An analysis of the poem on the PoetryVerse website called it "A sermon without belief that still feels holy". The analysis then continued: "The poem's central trick is that it builds a religious vocabulary out of garden matter, then insists on a strange contradiction: the bean patch is a church that has 'without belief'."

Geoff Page in a discussion of Murray's best poems for Sydney Review of Books noted that it is "clearly a religious poem. Nine long-lined tercets celebrate human diversity, via an extended metaphor consisting of dozens of smaller metaphors.
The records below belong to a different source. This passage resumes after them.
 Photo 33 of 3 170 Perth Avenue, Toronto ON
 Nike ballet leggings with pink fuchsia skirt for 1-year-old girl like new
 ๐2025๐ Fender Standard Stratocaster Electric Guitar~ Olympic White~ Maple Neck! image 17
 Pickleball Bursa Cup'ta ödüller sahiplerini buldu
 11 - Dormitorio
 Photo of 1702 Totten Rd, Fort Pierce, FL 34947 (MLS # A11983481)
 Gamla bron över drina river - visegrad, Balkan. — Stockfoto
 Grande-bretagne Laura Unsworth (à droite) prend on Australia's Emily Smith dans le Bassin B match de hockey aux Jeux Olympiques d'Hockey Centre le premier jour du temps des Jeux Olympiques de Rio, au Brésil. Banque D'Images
In public readings of this poem I have heard its author joke blithely about ‘human beans’ by way of introduction."

Discussing the poem for The Conversation website David McCooey called it a poem of "praise", going on to note that it "fuses the material and spiritual worlds, physical and ethical forms of health, the religious and the secular, the ordinary and the transcendent...As a poem of praise (another form associated with religious discourse), it traffics in an emotion not often found in contemporary poetry: happiness."

==Publishing history==

After its initial publication in The Sydney Morning Herald in 1974 the poem was reprinted as follows:

- Lunch and Counter Lunch by Les Murray, Angus & Robertson, 1974
- Gesture of a Hand edited by David Malouf, Rinehart and Winston, 1975
- Selected Poems : The Vernacular Republic by Les Murray, Angus and Robertson, 1976
- The Vernacular Republic : Poems 1961–1981 by Les Murray, Angus and Robertson, 1982
- The Younger Australian Poets edited by Geoffrey Lehmann and Robert Gray, Hale and Iremonger, 1983
- The Illustrated Treasury of Australian Verse edited by Beatrice Davis, Nelson, 1984
- The Australian Year : The Chronicle of Our Seasons and Celebrations by Les Murray, Angus and Robertson, 1985
- Selected Poems by Les Murray, Carcanet, 1986
- Australian Poetry in the Twentieth Century edited by Robert Gray and Geoffrey Lehmann, Heinemann, 1991
- The Faber Book of Modern Australian Verse edited by Vincent Buckley, Faber, 1991
- The Penguin Book of Modern Australian Poetry edited by John Tranter and Philip Mead, Penguin, 1991
- Collected Poems by Les Murray, Heinemann, 1994
- The Oxford Book of Modern Australian Verse edited by Peter Porter, Oxford University Press, 1996
- Australian Verse : An Oxford Anthology edited by John Leonard, Oxford University Press, 1998
- New Selected Poems by Les Murray, Duffy and Snellgrove, 1998
- New Selected Poems by Les Murray, Farrar Straus and Giroux, 2000
- Learning Human : New Selected Poems by Les Murray, Carcanet, 2001
- Selected Poems by Les Murray, Black Inc., 2007
- The Puncher & Wattmann Anthology of Australian Poetry edited by John Leonard, Puncher & Wattmann, 2009
- Australian Poetry Since 1788 edited by Geoffrey Lehmann and Robert Gray , University of NSW Press, 2011
- The Best 100 Poems of Les Murray by Les Murray, Black Inc., 2012

The poem was also translated into German in 1996.